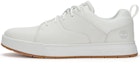 Buy Timberland Maple Grove Oxford 'Putih' A5Z2PW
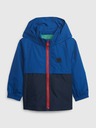 GAP Jacke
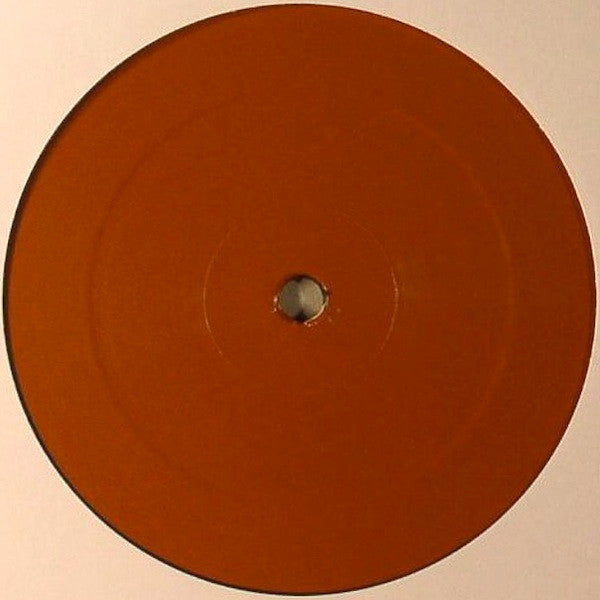 Henrik Schwarz & Kuniyuki* : Once Again Remixed (12")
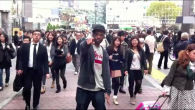 Video: J ROCC // Stay Fresh I’m spending tonight trying to condense a 3 hour J ROCC interview into a 1000...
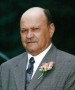 Jacques Massicotte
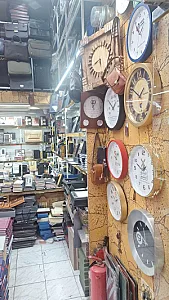 موسسه کوثر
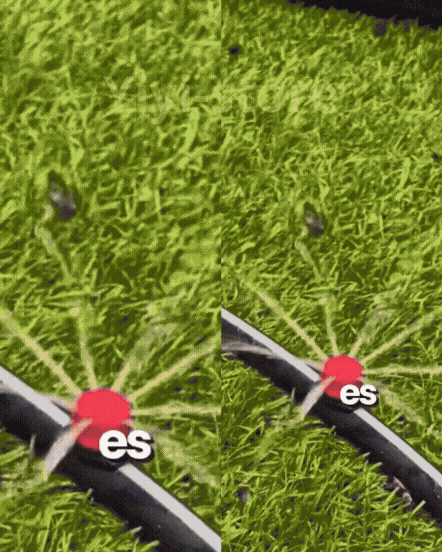 RiegoPro- Goteros de Riego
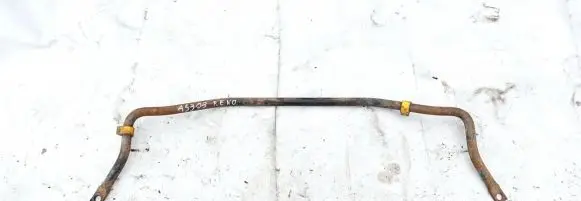 Renault Scenic I Front anti-roll bar/sway bar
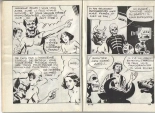 La sensualisation : page 57
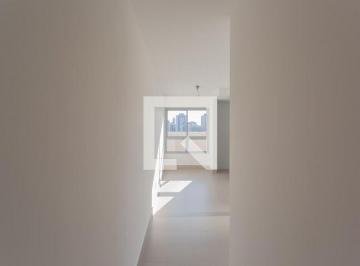 Apartamento · 108m² · 2 Quartos · 3 Vagas · Apartamento À Venda - Lourdes, 2 Quartos, 108 m² - Belo Horizonte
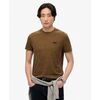 T-shirt Superdry T-shirt logo essentiel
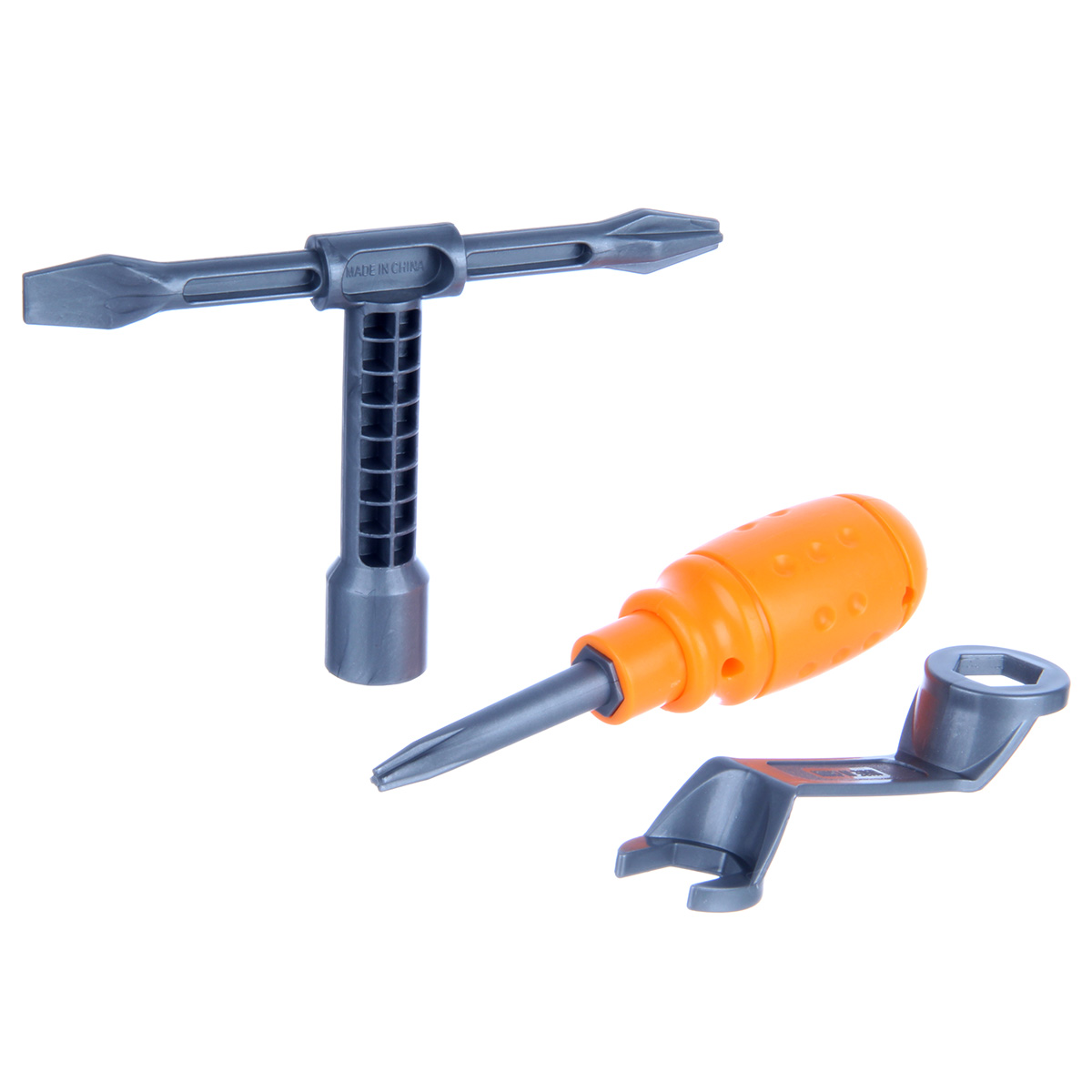 Игрушка Veld Co - фото 9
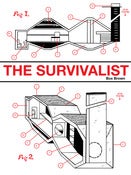 Image of The Survivalist - Box Brown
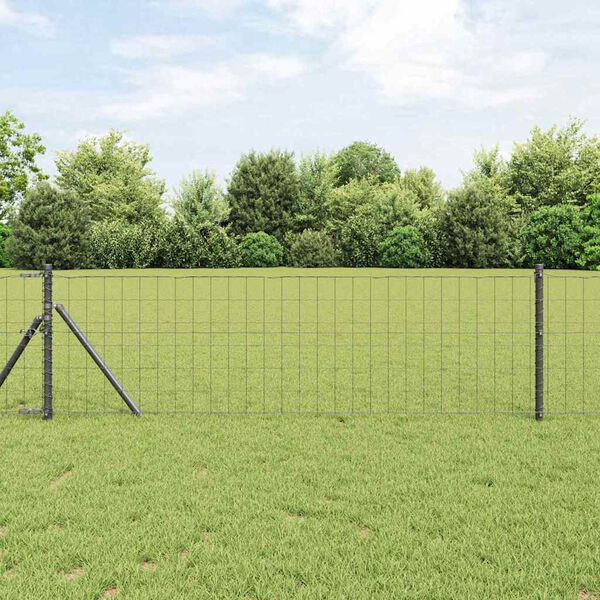 Viser 2 av 15 produktbilde(r)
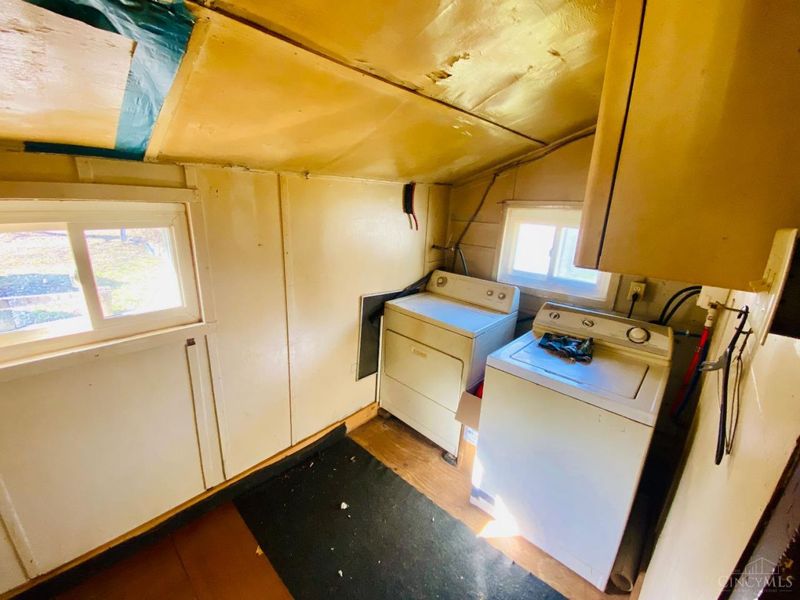 20 Dakin Chapel Road, Sabina, OH 45169 Photo 30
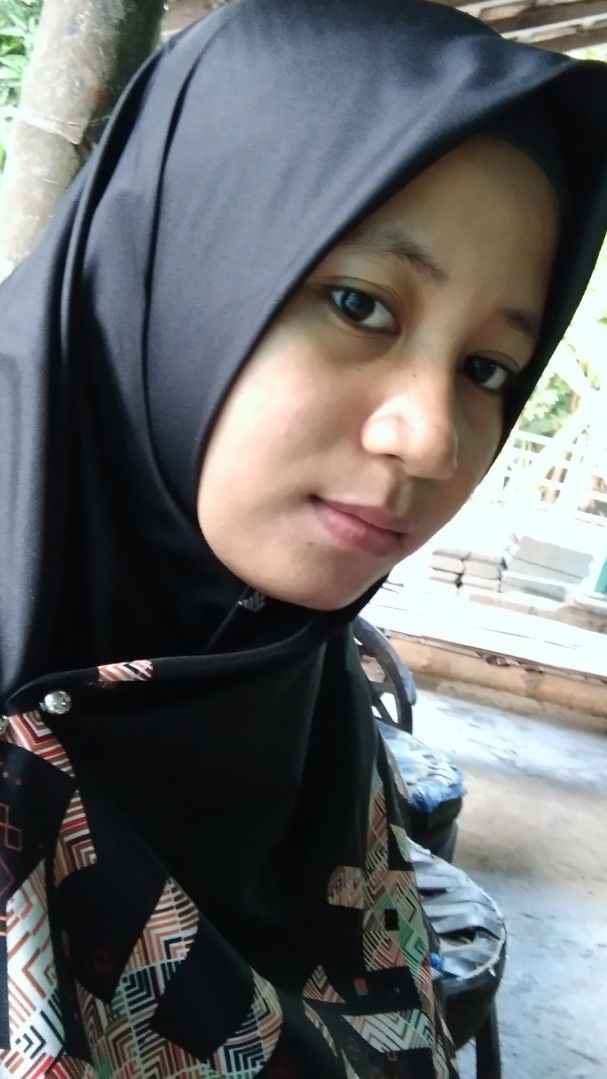 Retno Say profile icon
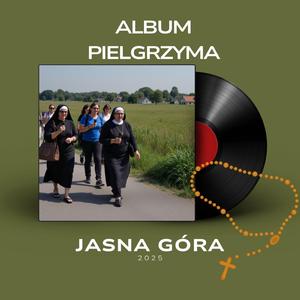 Wniebowzięta Królowa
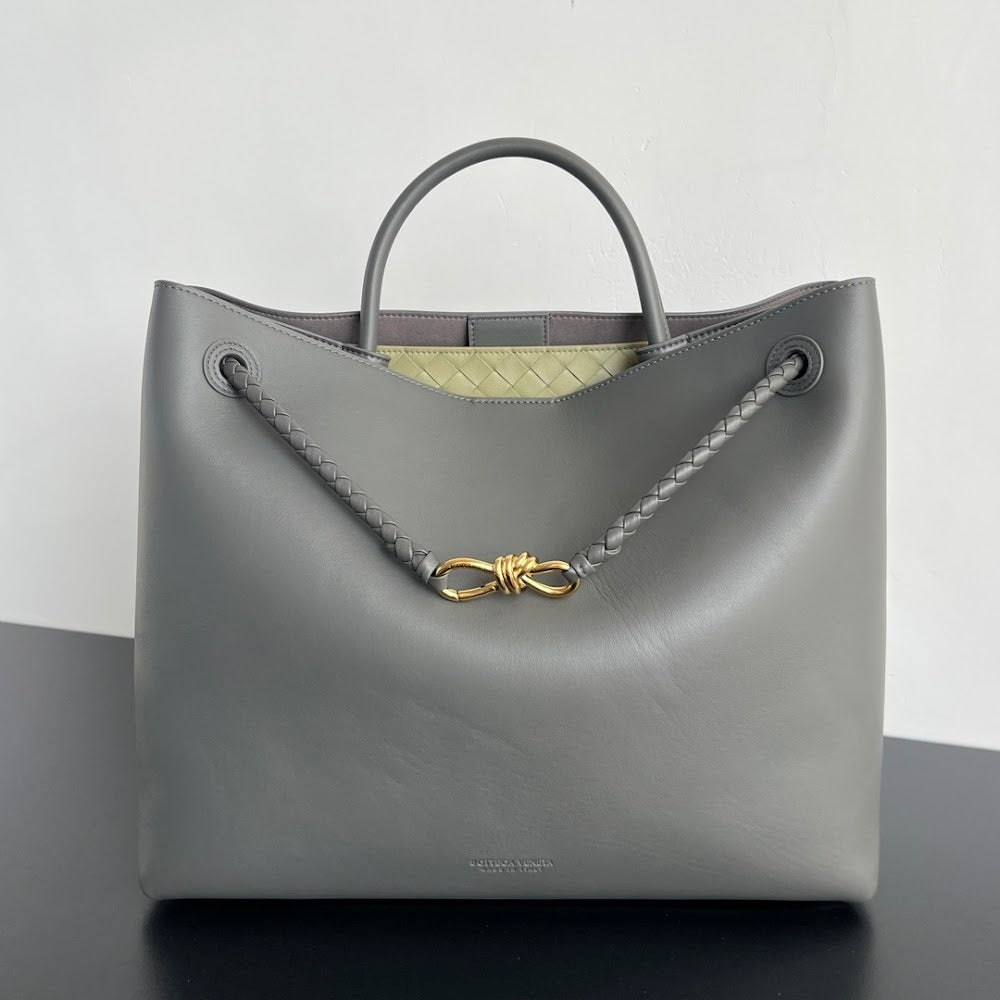 Dragons Bags Bottegan Luxury Bag --90785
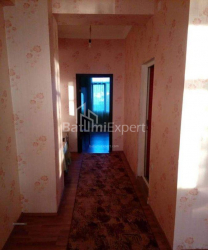 Daire 3-oda 74 m² - Yurievskaya, Batumi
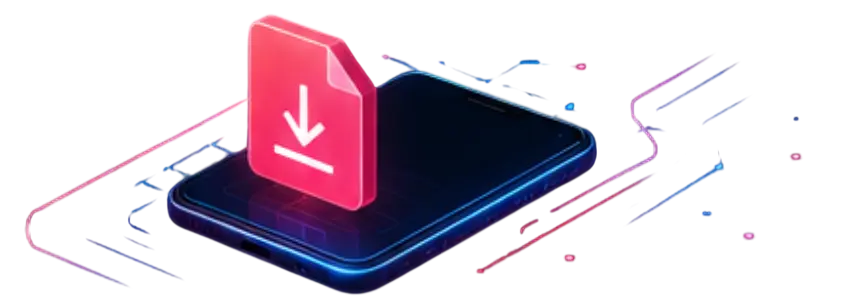 Configuração do NetherSX2 14 instalar-apk-nethersx2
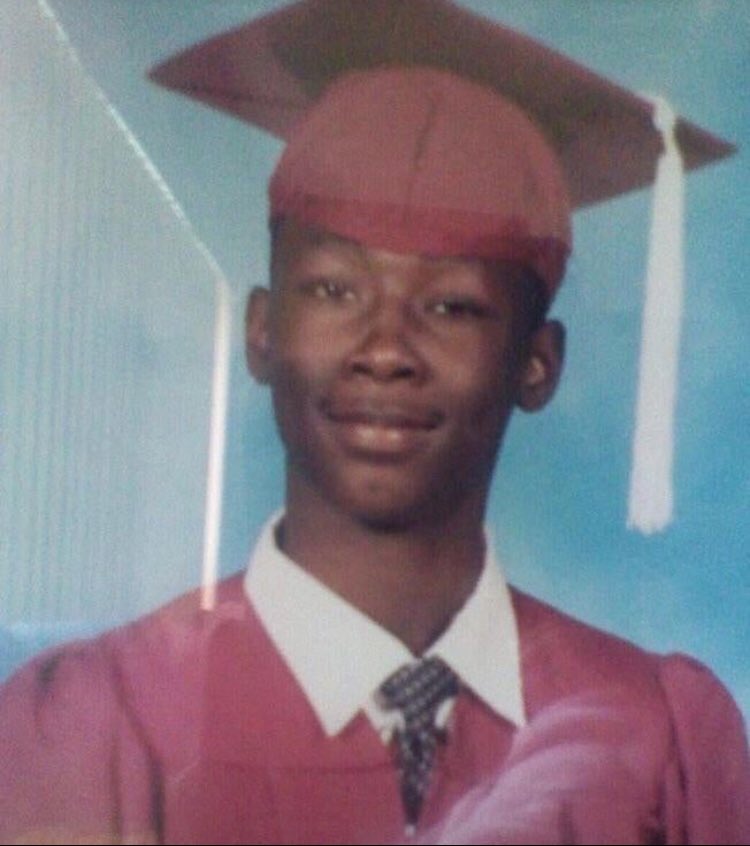 imfrom63rdd's tweet photo. Rip tooka 😢😢😢10 years ago ✡️🔱#tooka #riptooka https://t.co/fFpHoX7W85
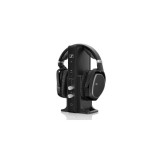 Sennheiser RS 195-U vezeték nélküli fejhallgató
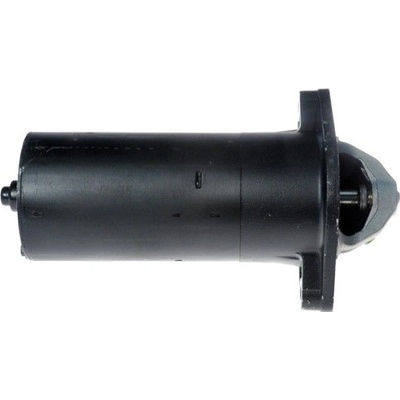 Startér HELLA 8EA 011 610-631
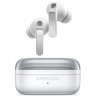 Беспроводные наушники Samsung Galaxy Buds4 Pro, белый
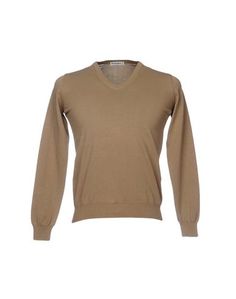 Свитер Kangra Cashmere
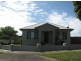 7 Parkin Street, Moe VIC 3825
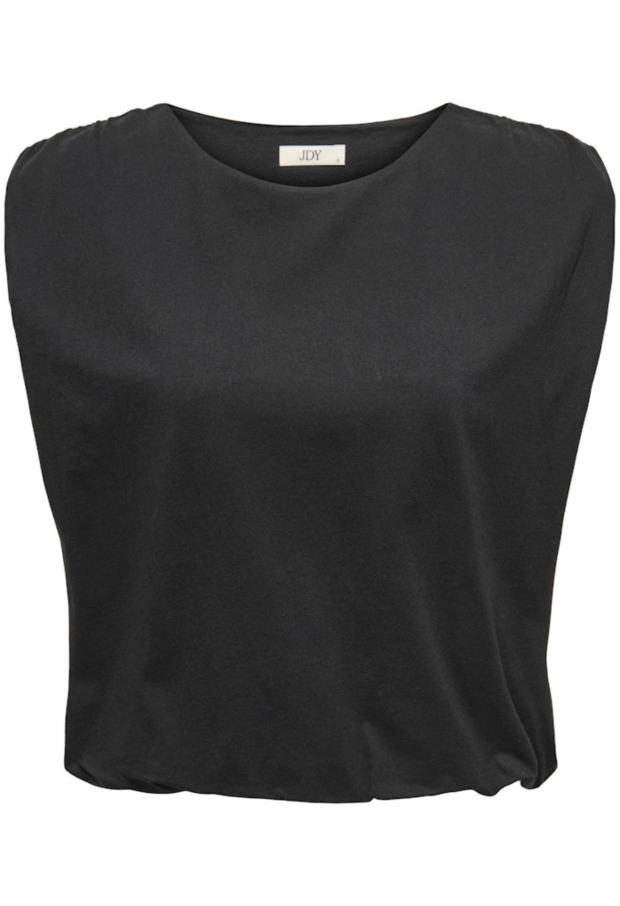 15345113 Black 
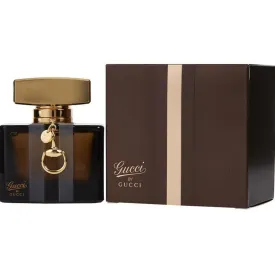 Gucci by Gucci 1.7 oz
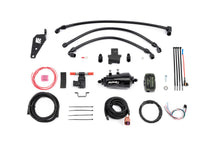 Load image into Gallery viewer, AMS Performance CAN Flex Fuel Kit w/ Fuel Filter - Nissan Z 2023+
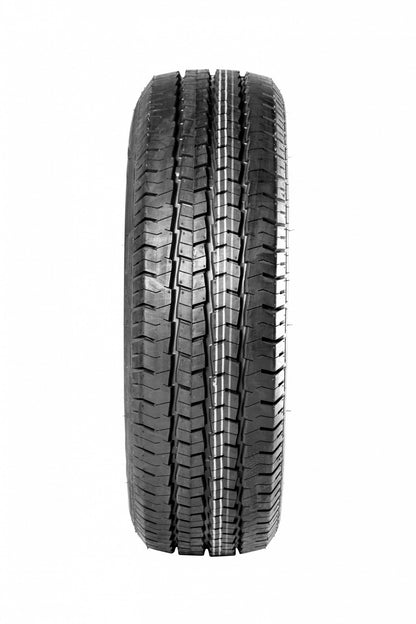 Ovation V-02 Van DOT21 185/75R16C 104/102R Sommer DOT DOT21 – Bild 3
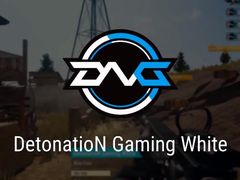 PUBG JAPAN SERIESSeason6 Grade1 Day2ݡȡDetonatioN Gaming White塤ʥγ³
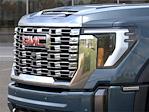 New 2025 GMC Sierra 2500 Denali Crew Cab 4WD Pickup for sale #Q58738 - photo 13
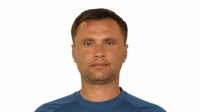 Офіційно: ​Остап Маркевич — головний тренер «Чорноморця»
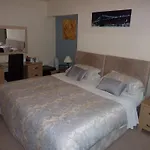 Heworth Guest House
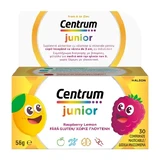 Centrum Junior A-Z Pro, 30 Tabletten, Gsk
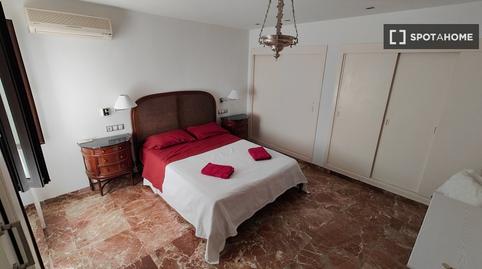 Photo 2 of Flat to share in Arenal - Museo, Sevilla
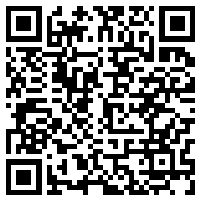 QR Code for bitcoin:bitcoin:bitcoin:dash:XgpaiHuS3HfaDoe8cPqVQqDzG1uKXttPdB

Work request
With the pictures left out, transcribe exactly the lines from the line holding "Heworth Guest House" through the closing line of the entries.

Answer to the exercise
 Heworth Guest House
 Centrum Junior A-Z Pro, 30 Tabletten, Gsk
 Photo 2 of Flat to share in Arenal - Museo, Sevilla
 QR Code for bitcoin:bitcoin:bitcoin:dash:XgpaiHuS3HfaDoe8cPqVQqDzG1uKXttPdB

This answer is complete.